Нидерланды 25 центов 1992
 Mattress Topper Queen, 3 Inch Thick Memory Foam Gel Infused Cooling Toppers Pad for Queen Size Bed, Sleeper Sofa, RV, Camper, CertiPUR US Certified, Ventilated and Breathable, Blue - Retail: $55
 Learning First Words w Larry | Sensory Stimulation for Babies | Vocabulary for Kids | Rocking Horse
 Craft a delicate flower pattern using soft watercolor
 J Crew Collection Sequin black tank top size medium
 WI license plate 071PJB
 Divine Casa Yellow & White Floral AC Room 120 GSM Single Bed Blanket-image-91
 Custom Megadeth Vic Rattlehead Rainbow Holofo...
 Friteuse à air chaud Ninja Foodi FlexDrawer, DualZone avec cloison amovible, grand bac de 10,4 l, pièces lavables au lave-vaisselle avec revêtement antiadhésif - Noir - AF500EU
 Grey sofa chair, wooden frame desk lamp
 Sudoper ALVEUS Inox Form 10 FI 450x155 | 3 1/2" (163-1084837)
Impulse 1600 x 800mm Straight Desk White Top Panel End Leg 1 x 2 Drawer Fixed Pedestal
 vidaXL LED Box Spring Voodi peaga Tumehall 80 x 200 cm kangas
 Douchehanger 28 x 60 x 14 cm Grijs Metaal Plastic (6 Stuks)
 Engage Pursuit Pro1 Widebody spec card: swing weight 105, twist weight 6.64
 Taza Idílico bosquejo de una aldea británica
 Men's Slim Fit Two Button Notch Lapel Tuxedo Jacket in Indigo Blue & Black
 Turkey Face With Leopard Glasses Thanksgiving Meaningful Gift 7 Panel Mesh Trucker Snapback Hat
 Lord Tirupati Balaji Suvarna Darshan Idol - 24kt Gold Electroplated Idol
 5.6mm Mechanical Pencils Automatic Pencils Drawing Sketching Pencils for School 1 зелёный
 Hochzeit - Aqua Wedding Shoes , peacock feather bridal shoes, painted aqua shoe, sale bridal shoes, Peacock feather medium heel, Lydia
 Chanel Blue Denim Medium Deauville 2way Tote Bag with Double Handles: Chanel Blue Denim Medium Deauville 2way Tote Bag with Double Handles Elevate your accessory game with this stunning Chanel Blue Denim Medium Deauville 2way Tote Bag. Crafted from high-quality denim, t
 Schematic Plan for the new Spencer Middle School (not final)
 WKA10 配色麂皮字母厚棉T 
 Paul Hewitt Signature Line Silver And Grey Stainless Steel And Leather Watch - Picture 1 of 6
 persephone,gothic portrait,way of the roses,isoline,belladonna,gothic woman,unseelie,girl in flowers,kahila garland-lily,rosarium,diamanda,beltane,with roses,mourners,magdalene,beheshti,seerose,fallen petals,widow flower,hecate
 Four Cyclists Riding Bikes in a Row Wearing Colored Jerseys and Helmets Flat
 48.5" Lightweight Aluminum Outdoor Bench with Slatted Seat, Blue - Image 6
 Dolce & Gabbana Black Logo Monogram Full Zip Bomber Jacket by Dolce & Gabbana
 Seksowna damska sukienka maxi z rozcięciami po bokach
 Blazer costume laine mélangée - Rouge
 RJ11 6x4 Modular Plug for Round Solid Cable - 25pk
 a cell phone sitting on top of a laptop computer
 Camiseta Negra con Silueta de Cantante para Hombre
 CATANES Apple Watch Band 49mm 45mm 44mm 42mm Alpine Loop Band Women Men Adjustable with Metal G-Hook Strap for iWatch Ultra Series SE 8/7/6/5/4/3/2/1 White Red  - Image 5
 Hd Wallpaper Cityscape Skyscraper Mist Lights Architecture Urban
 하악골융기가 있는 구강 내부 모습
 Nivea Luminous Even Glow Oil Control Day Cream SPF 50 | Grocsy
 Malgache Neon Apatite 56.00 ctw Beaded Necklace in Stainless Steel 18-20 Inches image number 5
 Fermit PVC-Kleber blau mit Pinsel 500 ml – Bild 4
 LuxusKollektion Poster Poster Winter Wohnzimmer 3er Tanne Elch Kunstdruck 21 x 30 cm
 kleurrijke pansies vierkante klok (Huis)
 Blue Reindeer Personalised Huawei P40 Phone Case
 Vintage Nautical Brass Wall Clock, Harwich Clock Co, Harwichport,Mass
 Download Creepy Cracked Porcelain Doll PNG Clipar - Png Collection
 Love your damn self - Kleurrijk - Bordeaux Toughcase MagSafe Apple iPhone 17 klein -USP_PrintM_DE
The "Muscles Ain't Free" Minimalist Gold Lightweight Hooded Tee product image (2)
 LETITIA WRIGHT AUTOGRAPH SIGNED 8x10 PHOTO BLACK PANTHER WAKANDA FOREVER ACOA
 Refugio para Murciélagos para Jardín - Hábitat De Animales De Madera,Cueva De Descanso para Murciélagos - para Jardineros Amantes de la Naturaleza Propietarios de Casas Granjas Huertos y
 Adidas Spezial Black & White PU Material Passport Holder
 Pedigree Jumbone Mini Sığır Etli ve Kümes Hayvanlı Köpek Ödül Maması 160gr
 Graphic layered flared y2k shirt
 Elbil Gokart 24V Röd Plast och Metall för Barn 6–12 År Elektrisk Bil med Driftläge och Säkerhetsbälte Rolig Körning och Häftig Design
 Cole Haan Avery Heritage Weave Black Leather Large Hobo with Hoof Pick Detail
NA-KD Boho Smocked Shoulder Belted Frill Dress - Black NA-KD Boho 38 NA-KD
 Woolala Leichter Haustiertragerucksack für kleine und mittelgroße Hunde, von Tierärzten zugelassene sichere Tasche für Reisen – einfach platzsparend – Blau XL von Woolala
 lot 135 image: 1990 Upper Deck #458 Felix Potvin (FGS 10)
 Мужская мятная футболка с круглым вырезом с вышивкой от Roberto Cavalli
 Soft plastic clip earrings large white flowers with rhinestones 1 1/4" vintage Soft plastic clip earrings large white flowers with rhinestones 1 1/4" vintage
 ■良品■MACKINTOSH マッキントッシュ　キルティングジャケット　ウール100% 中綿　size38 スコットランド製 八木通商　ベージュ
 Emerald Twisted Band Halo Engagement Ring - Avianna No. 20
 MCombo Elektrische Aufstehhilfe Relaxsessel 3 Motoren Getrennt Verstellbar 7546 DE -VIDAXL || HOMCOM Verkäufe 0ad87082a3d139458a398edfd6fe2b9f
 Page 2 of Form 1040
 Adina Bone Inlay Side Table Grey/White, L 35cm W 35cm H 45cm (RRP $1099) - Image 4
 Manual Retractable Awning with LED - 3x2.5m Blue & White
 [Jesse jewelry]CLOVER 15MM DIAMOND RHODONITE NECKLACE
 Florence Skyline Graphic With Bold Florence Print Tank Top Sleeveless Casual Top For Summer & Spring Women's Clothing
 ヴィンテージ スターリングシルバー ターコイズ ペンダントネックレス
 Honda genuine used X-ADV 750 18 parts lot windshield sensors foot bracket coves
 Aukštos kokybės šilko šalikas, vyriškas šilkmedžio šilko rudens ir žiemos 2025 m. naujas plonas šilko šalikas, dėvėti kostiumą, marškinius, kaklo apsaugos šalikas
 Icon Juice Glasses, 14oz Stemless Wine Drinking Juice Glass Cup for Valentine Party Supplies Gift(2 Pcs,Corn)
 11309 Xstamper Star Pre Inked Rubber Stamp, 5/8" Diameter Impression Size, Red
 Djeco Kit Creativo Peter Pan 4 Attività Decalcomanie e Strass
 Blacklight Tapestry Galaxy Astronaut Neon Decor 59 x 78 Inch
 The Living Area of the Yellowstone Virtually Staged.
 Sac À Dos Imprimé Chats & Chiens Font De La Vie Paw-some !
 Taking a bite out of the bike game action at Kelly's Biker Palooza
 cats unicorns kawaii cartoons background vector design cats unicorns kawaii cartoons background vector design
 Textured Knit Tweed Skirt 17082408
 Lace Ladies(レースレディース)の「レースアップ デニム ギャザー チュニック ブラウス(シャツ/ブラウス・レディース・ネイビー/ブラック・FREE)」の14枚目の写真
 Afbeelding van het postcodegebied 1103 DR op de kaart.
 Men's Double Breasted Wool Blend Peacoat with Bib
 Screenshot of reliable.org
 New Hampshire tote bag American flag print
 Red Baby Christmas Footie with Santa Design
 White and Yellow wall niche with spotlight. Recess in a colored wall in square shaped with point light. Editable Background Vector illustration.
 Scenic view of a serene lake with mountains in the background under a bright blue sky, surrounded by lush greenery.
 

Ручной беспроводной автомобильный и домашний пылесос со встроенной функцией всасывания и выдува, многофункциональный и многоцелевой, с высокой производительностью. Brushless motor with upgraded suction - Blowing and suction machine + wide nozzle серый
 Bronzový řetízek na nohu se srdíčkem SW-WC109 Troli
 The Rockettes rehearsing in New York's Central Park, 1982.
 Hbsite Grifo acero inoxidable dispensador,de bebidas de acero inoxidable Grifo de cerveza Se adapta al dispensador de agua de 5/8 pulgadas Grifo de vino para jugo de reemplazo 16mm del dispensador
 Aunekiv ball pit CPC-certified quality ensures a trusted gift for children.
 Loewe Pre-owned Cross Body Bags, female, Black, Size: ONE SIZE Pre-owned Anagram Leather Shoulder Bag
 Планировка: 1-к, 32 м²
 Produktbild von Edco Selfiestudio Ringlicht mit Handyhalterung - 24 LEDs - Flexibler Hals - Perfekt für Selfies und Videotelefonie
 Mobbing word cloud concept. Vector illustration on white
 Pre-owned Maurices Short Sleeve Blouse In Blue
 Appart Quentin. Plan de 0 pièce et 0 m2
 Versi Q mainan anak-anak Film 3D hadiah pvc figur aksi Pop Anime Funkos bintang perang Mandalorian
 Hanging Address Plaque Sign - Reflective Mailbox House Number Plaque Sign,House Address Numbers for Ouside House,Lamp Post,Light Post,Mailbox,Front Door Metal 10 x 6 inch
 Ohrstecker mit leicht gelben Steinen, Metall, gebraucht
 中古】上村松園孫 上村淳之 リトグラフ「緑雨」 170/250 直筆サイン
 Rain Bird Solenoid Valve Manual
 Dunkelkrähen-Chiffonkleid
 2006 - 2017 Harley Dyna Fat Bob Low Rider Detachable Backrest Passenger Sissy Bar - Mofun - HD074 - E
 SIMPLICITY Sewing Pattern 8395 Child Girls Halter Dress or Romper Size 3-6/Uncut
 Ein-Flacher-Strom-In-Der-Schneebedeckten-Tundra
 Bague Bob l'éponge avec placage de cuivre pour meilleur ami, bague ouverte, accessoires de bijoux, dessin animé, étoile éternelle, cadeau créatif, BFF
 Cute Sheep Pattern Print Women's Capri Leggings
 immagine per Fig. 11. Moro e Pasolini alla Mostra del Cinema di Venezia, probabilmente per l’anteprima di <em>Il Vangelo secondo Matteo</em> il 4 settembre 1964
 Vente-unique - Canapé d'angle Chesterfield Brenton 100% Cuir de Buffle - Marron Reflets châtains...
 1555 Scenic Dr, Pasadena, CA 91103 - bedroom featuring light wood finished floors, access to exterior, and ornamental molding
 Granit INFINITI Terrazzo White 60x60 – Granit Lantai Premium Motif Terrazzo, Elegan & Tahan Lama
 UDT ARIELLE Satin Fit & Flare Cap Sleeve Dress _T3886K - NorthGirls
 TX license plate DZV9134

Your goal: Copy out every line of the listing that includes the string "Leather".

Task answer:
 Paul Hewitt Signature Line Silver And Grey Stainless Steel And Leather Watch - Picture 1 of 6
 Cole Haan Avery Heritage Weave Black Leather Large Hobo with Hoof Pick Detail
 Loewe Pre-owned Cross Body Bags, female, Black, Size: ONE SIZE Pre-owned Anagram Leather Shoulder Bag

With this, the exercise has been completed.